K.D.: Oui, c'est une belle expérience d'échange que nous vivons depuis 1999 avec le soutien des centres culturels et de l'Union européenne. Ce festival est une occasion de présenter des spectacles venant de différents pays, d'organiser des colloques, des stages, des ateliers comme par exemple "Marionnettes et thérapie". Le champ est vaste! Nous participons à de nombreux festivals, notamment en Tunisie, en Turquie. Nous arrivons juste de Lyon en France où nous avons participé à un festival organisé par le Théâtre de Guignol en avril. Il s'agissait d'un colloque sur le théâtre d'ombres.

A.C.: Parlez- nous de l’association Khayal

K.D.: Khayal en arabe veut dire deux choses à la fois, ombre et imagination. C’est une association coopérative pour l’art et l’éduction. Notre but est d’introduire l’art sous toutes ses formes dans la société. Nous voulons montrer la nécessité des arts dans la société libanaise comme un langage civilisé pour la communication. Nous voulons promouvoir une éducation esthétique et artistique afin de réanimer le rôle des artistes dans la société. Nous ne faisons pas seulement des spectacles, nous travaillons en étroite collaboration avec des ONG, des organisations internationales. Il y a des points communs entre nos objectifs: l’environnement, le droit des enfants, l’éducation, la santé, la promotion de l’art.

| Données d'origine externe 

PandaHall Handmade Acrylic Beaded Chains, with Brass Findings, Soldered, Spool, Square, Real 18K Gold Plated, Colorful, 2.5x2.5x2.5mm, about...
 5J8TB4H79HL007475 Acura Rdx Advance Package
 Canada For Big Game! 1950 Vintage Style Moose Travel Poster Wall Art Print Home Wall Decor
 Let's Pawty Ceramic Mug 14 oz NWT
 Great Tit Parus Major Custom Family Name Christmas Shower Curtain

A.C.: Cela rejoint votre initiative de théâtre ambulant

K.D.: Oui, avec cette initiative, nous allons dans tout le pays, dans des endroits reculés, afin d’y amener les arts et de faire découvrir les marionnettes à des gens qui n’ont pas d’accès à la culture. C’est une des choses les plus intéressantes dans mon métier! Nous avons déjà fait des représentations dans plus de 300 villages sans avoir besoin de scènes équipées. Nous faisons avec les moyens du bord et ça marche. Nous apportons nos propres programmes mais aussi des programmes de sensibilisation. Par exemple, nous allons prochainement présenter, en septembre, un programme de sensibilisation à l’environnement dans les écoles publiques du pays, en partenariat avec l’université de Balamand.

A.C.: Quels sont vos autres projets à venir ?

K. D.: Nous ne sommes pas au Liban cet été, nous partons en tournée en Jordanie, au Danemark et en France. Nous présentons notre création “Mille et une roses” à Avignon et au festival de Charleville-Mézières. En septembre, nous avons des activités au Portugal avec le réseau “voyage de gestes” qui regroupe des formateurs de différents pays et de différentes disciplines (danse, chante, contes…). En octobre, nous commencerons notre nouvelle création qui sera présentée au théâtre Tournesol et au théâtre Athénée de Jounieh. Et en février 2007, nous invitons une artiste française, Lucia Carbone, qui s’adressera aux enfants de 0 à 4 ans.

A.C.: Pouvez- vous nous donner un avant-goût de votre prochaine création?

K.D.: Notre spectacle abordera la notion de futur, comment nous serons dans 40 ans et comment nous verrons le monde de maintenant avec le recul. Nous parlerons aussi du mur, de façon symbolique, entre les gens, entre les générations. Ce sera un spectacle sur la communication.

A.C.: Le théâtre de marionnettes se porte donc plutôt bien au Liban?

K.D.: Nous essayons en tout cas de faire vivre le théâtre de marionnettes et d’encourager les gens à travailler sérieusement dans ce domaine. Et la réponse semble positive. C’est bien parti, on espère que ça va durer.

Karim Dakroub - Gepetto libanais propos recueillis par Emilie Thomas, Agenda culturel n'284 du 18 au 31 octobre 2006.